Profit before tax gained 6.2% to £2.13bn last year from £2.0bn in 2017.

The insurance and investment management firm said a 5% increase in operating profit in the life insurance arm offset an 11% decline in the fund management division and a flat performance in the general insurance and health business.

Brexit uncertainty bites 

The fund management business was hit by investors exercising more caution due to Brexit uncertainty as well as regulatory costs.

Assets under management fell to £470bn from £487bn, reflecting the disposal of part of its real estate business, adverse market movements and net outflows in the legacy life insurance books.

Life insurance profits were supported changes in mortality assumptions and growth in long-term savings and bulk annuities along with an increase in new business volumes of savings products in Italy and a unit-linked savings product in France.

In general insurance, operating profit rose by 1% in the UK while Canada was flat due the impact of weather-related claims.

The insurance net written premium was broadly flat at £9.1bn and the combined operating ratio – a key measure of profitability for insurers – was stable at 96.6%.

Aviva’s Solvency II capital cover ratio rose to 204% from 198% and the capital surplus was £12.0bn, compared to £12.2bn the prior year.

Aviva to change dividend plans  

The group raised its full-year dividend by 9% to 30p each.  

Aviva plans to move from a fixed payout ratio to a progressive dividend linked to underlying growth as part of efforts to cut debt. This will give the board more flexibility to make adjustments.

“The security and sustainability of our dividend remains paramount,” said chairman Sir Adrian Montague

“We are moving to a progressive dividend policy, which will see the dividend maintained or grown over time depending on business performance and growth prospects.”

Montague said the capital management plan will prioritise debt reduction for the "foreseeable future". The firm plans to reduce debt by at least £1.5bn by the end of 2022.

On Monday, Aviva announced it had appointed Maurice Tulloch, the head of international insurance, as its new chief executive, replacing Mark Wilson.

Montague, who was acting in an executive capacity while the company searched for a new boss, will return to his duties as non-executive chairman.

“Under Maurice's leadership, we are confident that we can make Aviva a better business for the benefit of our customers and our shareholders,” Montague said.

Aviva said it plans to reallocate resources to make changes to improve the performance of the business, led by Tulloch. 

Maurice Tulloch 'potentially odd choice' for CEO, says analyst

“Ongoing restructuring and the disposal of fringe businesses mean the group’s been very inward looking in recent years, although it’s also in much better shape, while rivals like Legal & General and Prudential have been piling into growing geographies and business lines and Standard Life has completely transformed itself from life company to asset manager," said Nicholas Hyett, equity analyst at Hargreaves Lansdown.

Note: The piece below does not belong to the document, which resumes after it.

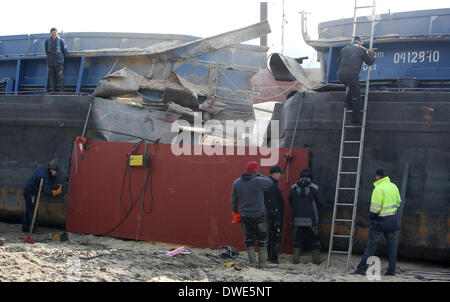 Hamburg, Deutschland. 6. März 2014. Arbeiter Schweißen die havarierte Binnenschiff "Jade" an der Elbe in Hamburg, Deutschland, am Flussufer 6. März 2014. Zwei Schiffe kollidieren auf der Elbe bei Hamburg-Othmarschen auf 5. März 2014. Foto: Malte Christen/Dpa/Alamy Live News Stockfoto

"Maurice Tulloch is a potentially odd choice if the board are looking to shake things up though. He’s been with Aviva for 27 years and his pledge to cut debt and focus on 'insurance fundamentals' is hardly going to set the world on fire. It’s early days, but at first glance it looks like the plan is to ‘re-energise' Aviva with more of the same.”

Shares fell 3.8% to 416.7p in late morning trading.